The collective space is limitless, inside and outside each of the 10′ x 12′ x 36′ prefab self-sufficient cells. As they interlock, they create a place like no other, in which knowledge is the main form of currency and its exchange the primary function of this community.
Energy, water, and waste technologies are embedded in 50% of the high tech (mother cells) that support the low tech (surrogate cells).
13 layers, 18 cells per layer, form a total of 234 units, that once grouped create a nonhierarchical system of interconnected spaces.

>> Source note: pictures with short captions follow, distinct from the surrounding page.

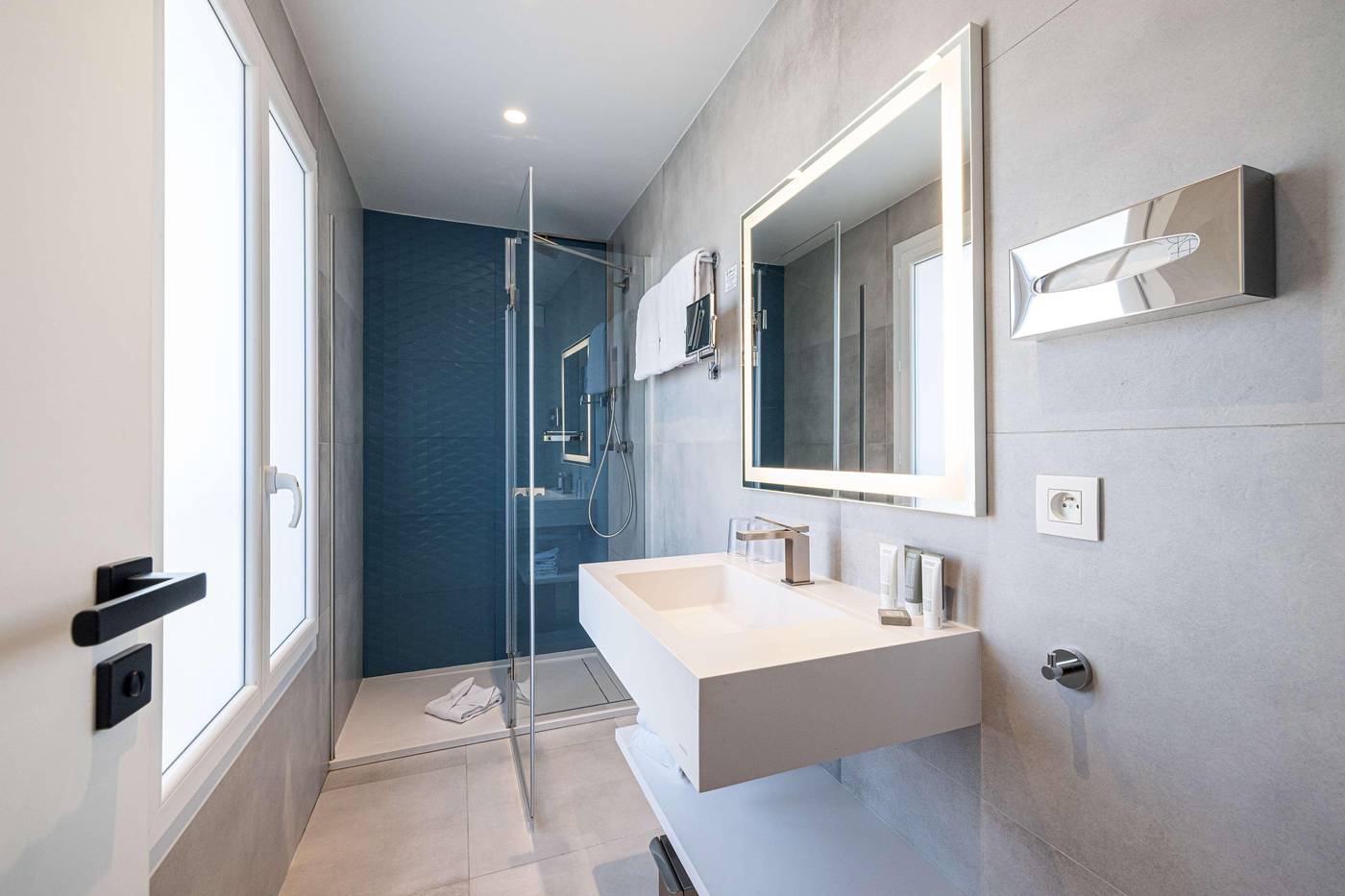 Apollinaire-Nice-Room-17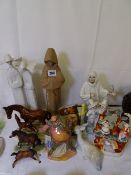 A GROUP OF COLLECTABLE FIGURINES by Lladro, Doulton and Staffordshire potteries including 'Falstaff'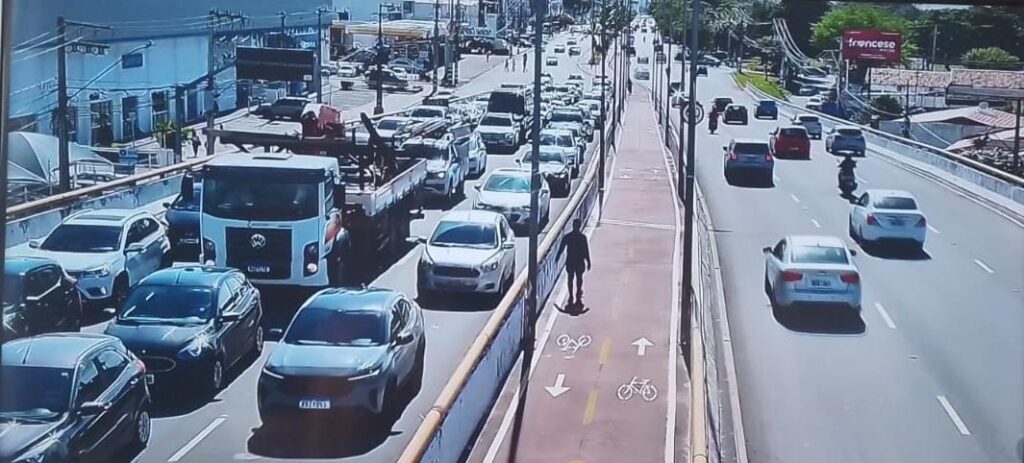 acidente Avenida Tancredo Neves Aracaju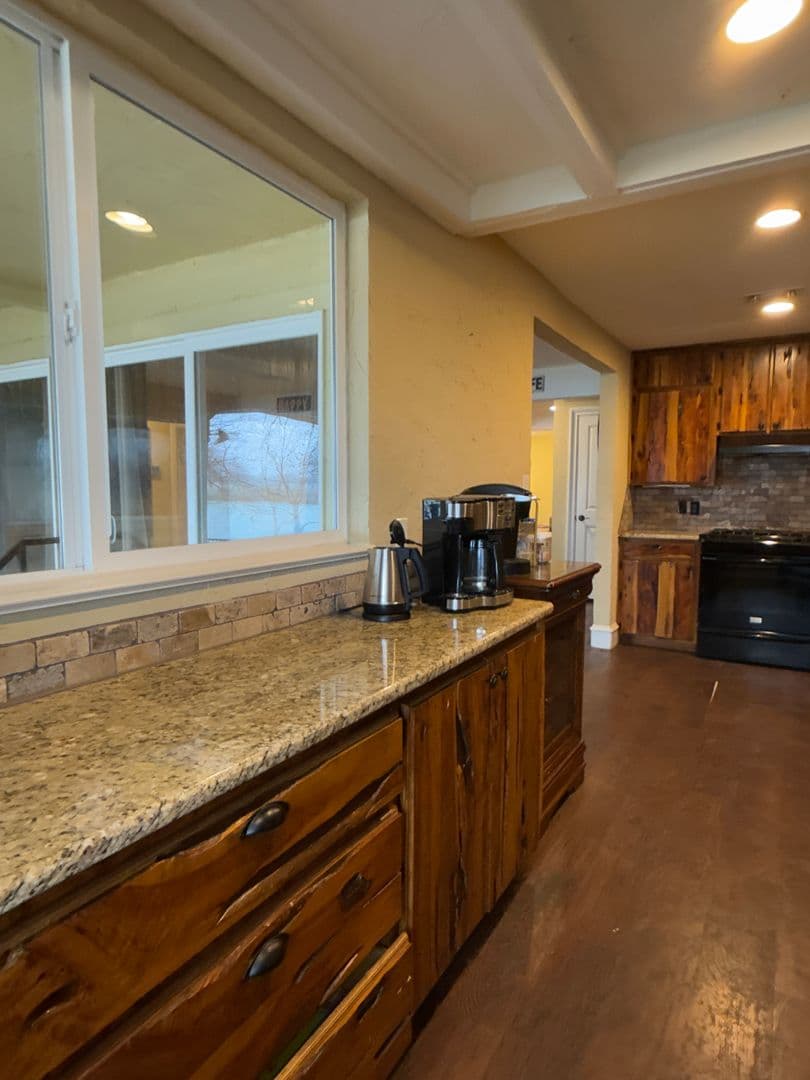 Weatherford House: 179  E. El Camino Real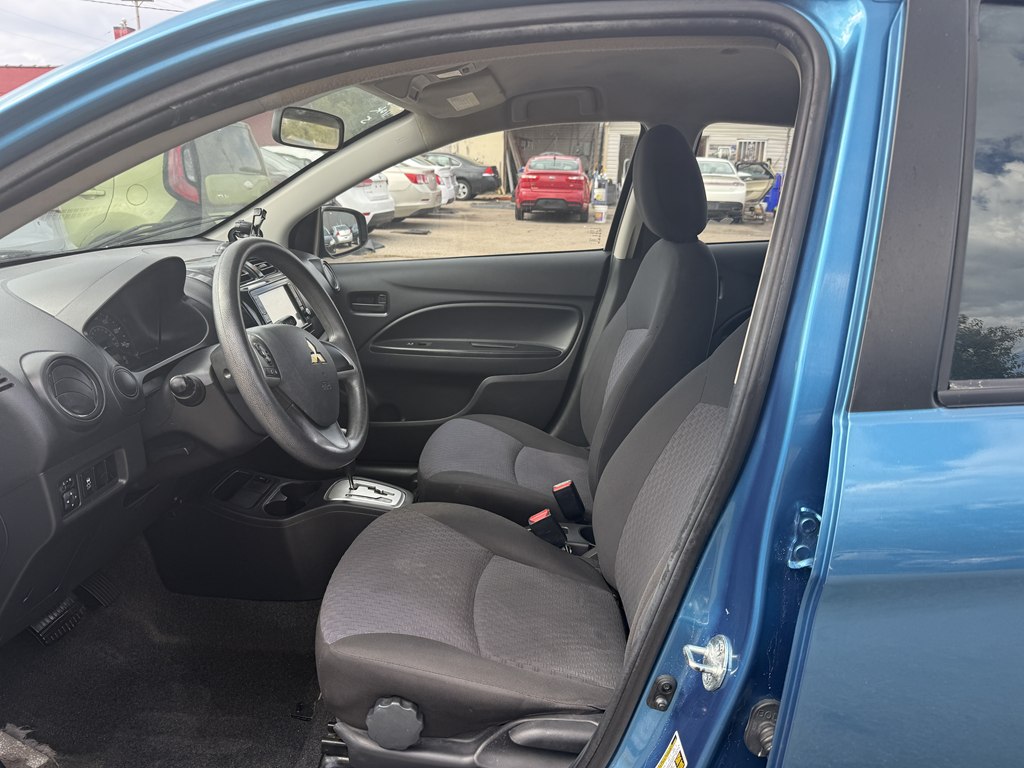 Photo 12 of this MITSUBISHI MIRAGE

As the clusters stack, they generate vertical linkages and new spaces emerge, reinforcing the idea of a community in which the values of real estate assigned to height and orientation are proven obsolete and neutralized by Function.
Knowledge will conquer all frontiers; it is the only form of FREEDOM and true disengagement from a society in which image reigns.
KTC 234 — The Fall of Designed Cities and Rise of Organic Communities.
Concept and Development
Francisco Gonzalez-Pulido.
Constructability Concepts WS
Werner Sobek.
Model
Joe Madon and Maria Miller.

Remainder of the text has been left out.